Reply Sun 1 Dec, 2013 12:19 am
Quote:
Overall brick-and-mortar store sales for Thursday and Friday rose 2.3% from last year, to $12.3 billion, according to a report released Saturday by ShopperTrak, a retail industry research firm. But the earlier opening of stores on Thanksgiving cut into sales on Black Friday itself, which were down 13.2% from 2012.

http://money.cnn.com/2013/11/30/news/economy/black-friday-sales-results/

so retailers had higher costs because they were open more hours over these two days, and employees got forced or pressured to work and not be with their loved ones on Turkey Day, all for about the same sales totals that would have been earned if all of the stores had agreed to not extend hours. Individuals stores concluded that they needed to open because others did, but they all lose, and so do all of the rest of us.

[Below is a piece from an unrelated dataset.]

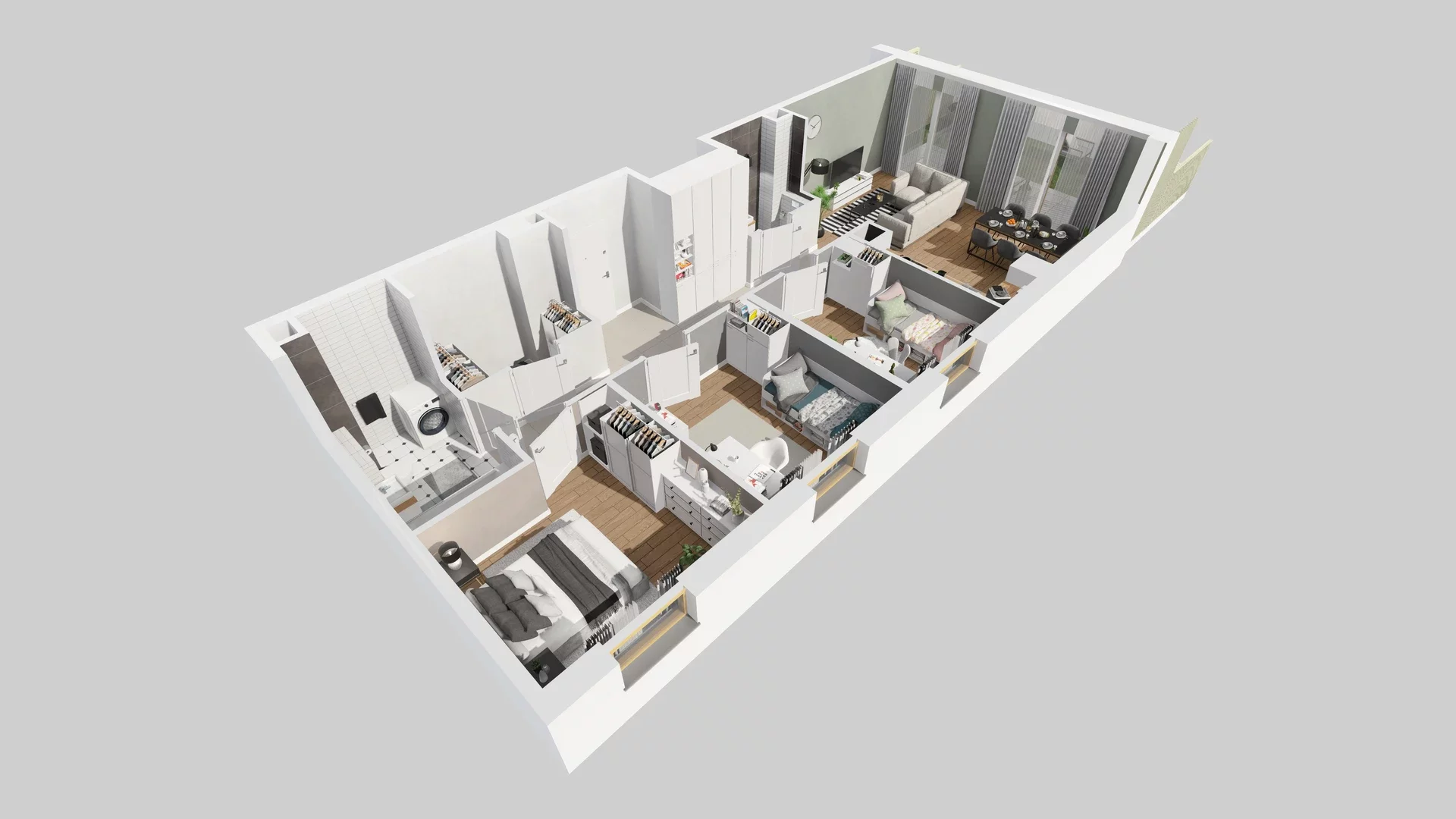 4 pokoje, mieszkanie 76,29 m², parter, oferta nr B/2, Osiedle Zielna 4.2, Wrocław, Psie Pole-Zawidawie, Psie Pole, ul. Zielna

Isn't time for government to help everyone out and do what retailers on their own can not/will not do, and pass a law that stores must be closed on Thanksgiving?
 
roger
 
  1  
Reply Sun 1 Dec, 2013 12:26 am
@hawkeye10,
I should have known somebody would come up with something like this.
hawkeye10
 
  1  
Reply Sun 1 Dec, 2013 12:41 am
@roger,
roger wrote:

I should have known somebody would come up with something like this.
I think that the retailers respond "but employees get to be with family till about 6pm, so all is good" but i call bullshit. A) one can not fully relax and enjoy and B) one can not get drunk leading to C) the best parts of my Thanksgivings have tended to come in the evening
roger
 
  1  
Reply Sun 1 Dec, 2013 01:07 am
@hawkeye10,
So, what else can we pass laws against.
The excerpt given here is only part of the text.